Los años de plomo en València

Un capitán retirado de la Guardia Civil recuerda los «durísimos años» vividos, para los agentes y sus familias, bajo la amenaza de la banda terrorista

Los años de plomo en València

Antonio Pérez García es capitán retirado de la Guardia Civil y la mayor parte de sus 46 años de servicio (49 si contamos los tres años de formación en la academia de la Guardia Civil en Valdemoro, adonde llegó con apenas 16 años, «casi aún con el colacao en la mano», ironiza) los ha pasado en los servicios de Información, la unidad de lucha contra el terrorismo. Recibe la noticia del fin del grupo terrorista ETA desde la tranquilidad de la jubilación, pero en su retina y en su cerebro siguen palpitando «los durísimos años, para nosotros y nuestras familias», algo que «no se olvida».

La implacable incidencia de haber sido guardia civil y agente de Información la resume en una frase muy gráfica: «Veo más a mi nieto de lo que nunca pude ver a mis hijos». Tiene dos, de 41 y 35 años en la actualidad. Ninguno es guardia. Lo siente porque viene de familia de guardias civiles y «mi mujer también, tanto, que no es guardia porque en aquél momento aún no aceptaban mujeres; de hecho, es más guardia que yo».

Esa es la razón, cree, de que su matrimonio haya sobrevivido a las largas décadas sometidos al terror de ETA. «No había horarios, ni cumpleaños, ni fiestas. La amenaza, la alerta, real o no, llegaba a cualquier hora del día y cualquier día del año. Cada mañana salías de casa y nadie sabía si ibas a volver. Eso es muy duro. Muchas mujeres de guardias no lo pudieron soportar y muchos acabaron divorciándose».

Recuerda «la tensión, la incertidumbre constante, el aislamiento, la falta de comprensión de la sociedad, el miedo que pasaba tu familia». En marzo de 1981, menos de una semana después del 23F se tuvo que ir al servicio de Información en Vitoria. «Imagínate», rememora. «Mi hijo mayor tenía entonces 4 años. ¿Cómo me lo iba a llevar a él y a mi mujer conmigo?
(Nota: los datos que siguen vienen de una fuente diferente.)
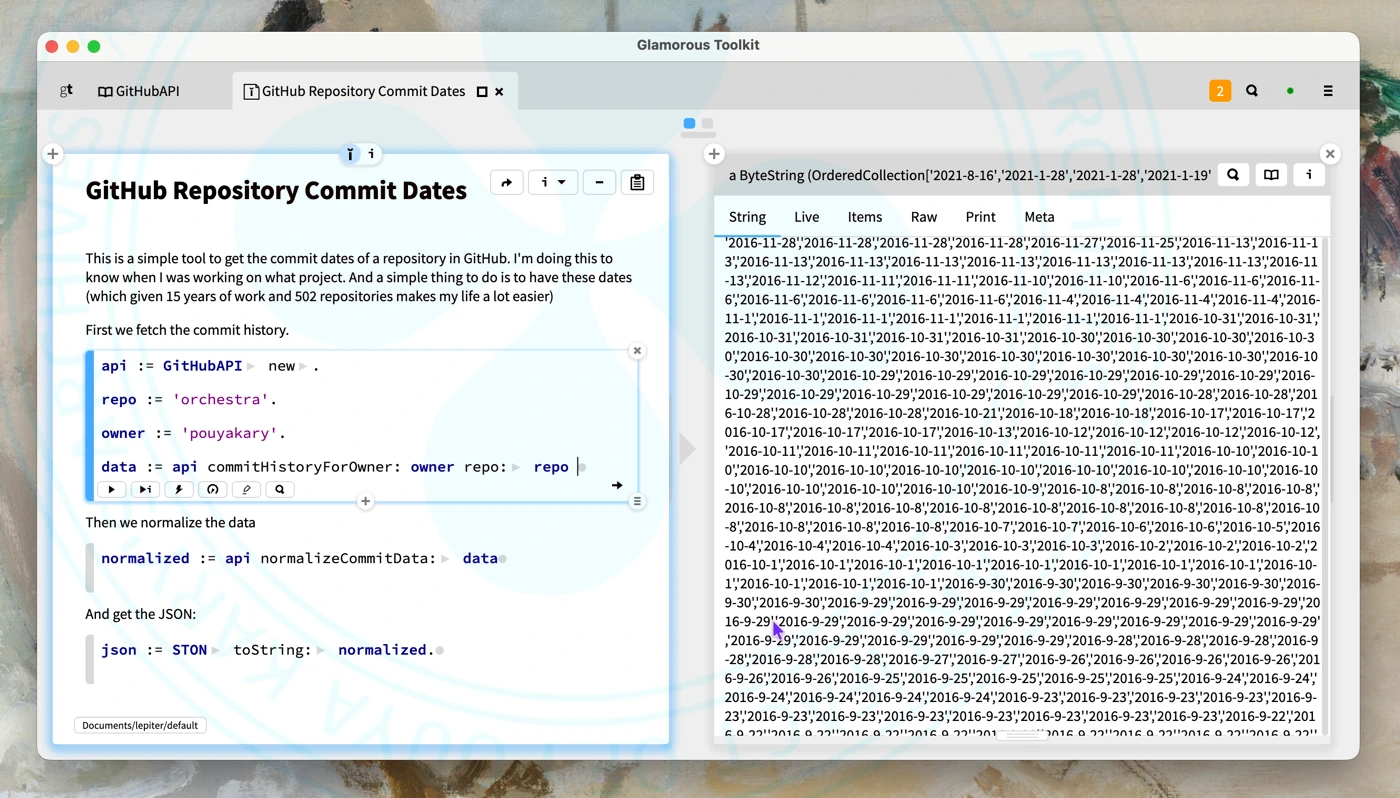 GitHub Repository Commit Dates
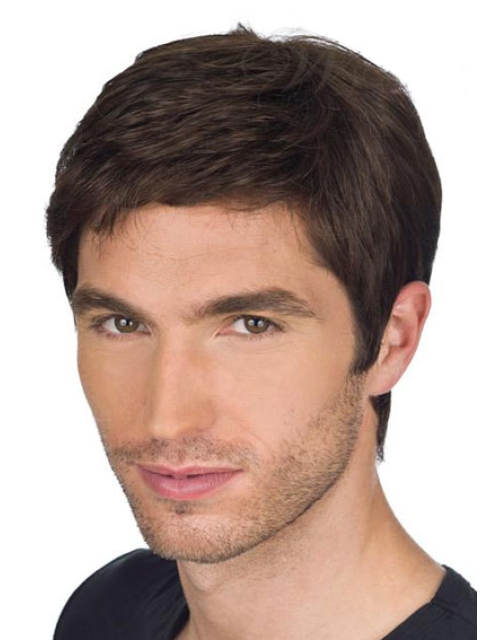 Brown Straight Remy Human Hair No-fuss Men Wigs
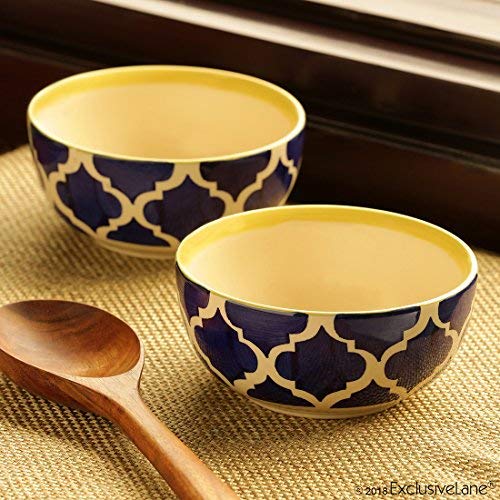 Frienemy Presents Mediterranean Bowls 'Handgemalte Snacks Getreide Rice Bowl Set Cum Esstisch Servierschüsseln (Satz Von 2) #Frienemy-125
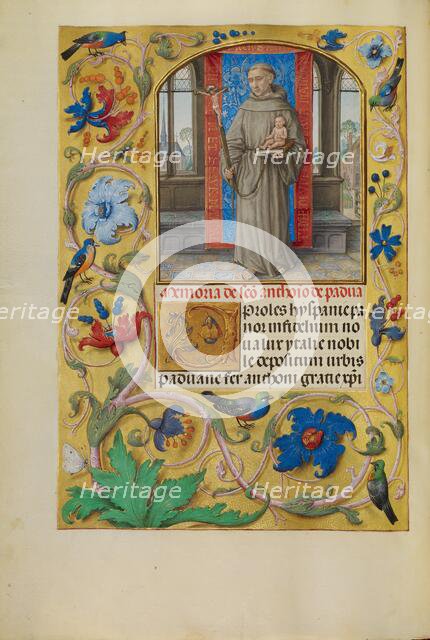 Saint Anthony of Padua; Spinola Hours, about 1510-1520. Creator: Master of James IV of Scotland.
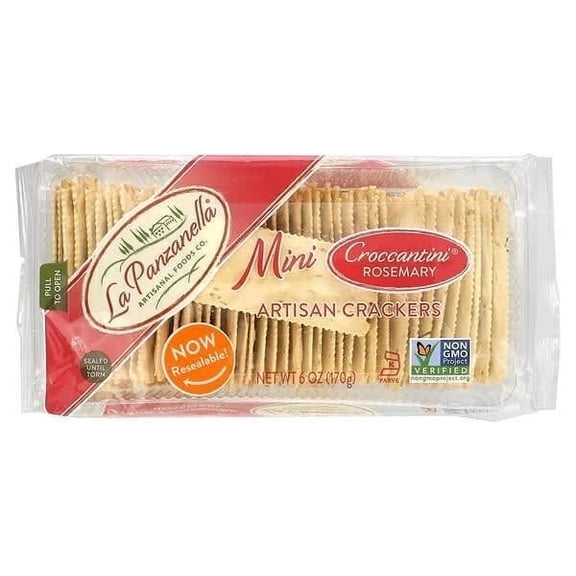 La Panzanella, Mini Croccantini Artisan Crackers, Rosemary, 6 oz Pack of 2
Me fui solo».

Eran los años del auténtico plomo de ETA. «Cuando no caía un compañero, caía un policía. Y eso siguió pasando mucho tiempo. Casi siempre conocías a alguien de los que mataban porque te habías cruzado en algún momento con él. Era insoportable. Sentías una impotencia absoluta. Era una guerra sin cuartel y muy desigual. Nosotros luchábamos con la ley en la mano y ellos, con todo. Era como trabajar con las alas cortadas», resume.

«Cuando estaba en el norte, mi mujer sufrió muchísimo. Si, por ejemplo, pactabas llamarla cada noche a las ocho y por lo que fuera te retrasabas unos minutos, ponía la tele y esperaba lo peor. La incertidumbre nos consumía». No había móviles, ni «whatsapp», ni facebook".
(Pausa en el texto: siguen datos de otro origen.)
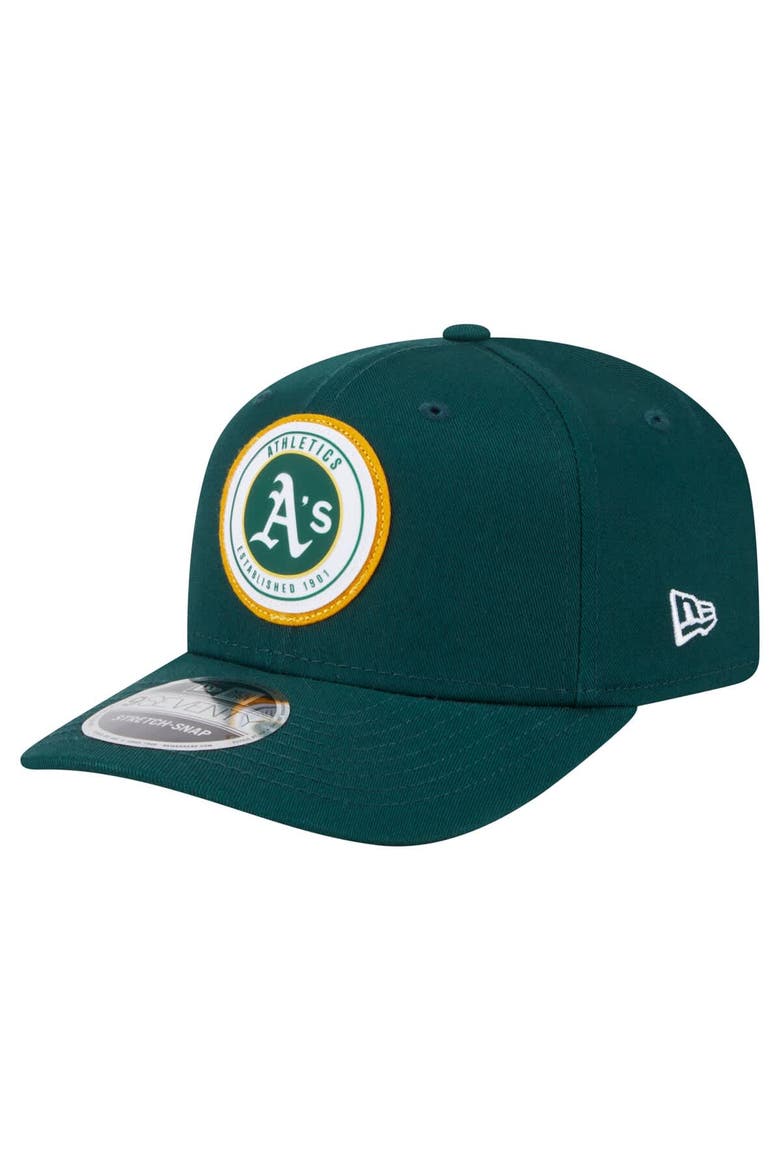 Men's New Era Kelly Green Athletics Circle Patch 9SEVENTY Stretch-Snap Hat, Main, color, Kelly Green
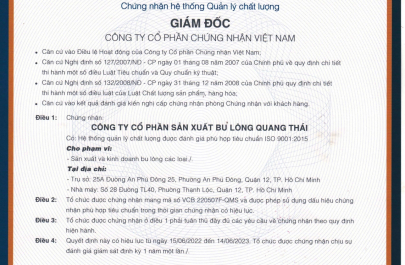 QUYẾT ĐỊNH CẤP ISO 9001:2015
Punto estratégico para los terroristas

Su relato es un trufado de avisos de bombas en la playa, atentados, artefactos en la autopista. Es la realidad de lo que ocurría en aquella España subyugada, en general, y en la Comunitat Valenciana, en particular.«Esta zona era un punto estratégico para ETA. Los veranos eran terribles

. Buscaban dañar el potencial turístico, y lo conseguían. Los inviernos los pasábamos controlando informaciones que nos llegaban y a los grupos de apoyo a los familiares de etarras encarcelados y los veranos, desalojando playas, cuarteles, calles. Nos dieron muchísimo trabajo, sin olvidar que la cárcel de Picassent siempre ha tenido numerosos etarras, empezando por la famosa Tigresa, Idoia López Riaño».

Por su memoria pasan la fiambrera que explosionaron en el peaje de Oliva, el atentado en el cuartel de Santa Pola, el coche bomba desactivado en Gandia, el taxi en Torreblanca cargado de explosivos, los detenidos en Algemesí. Demasiados ejemplos que nos recuerdan la intensa actividad de ETA en tierras valencianas.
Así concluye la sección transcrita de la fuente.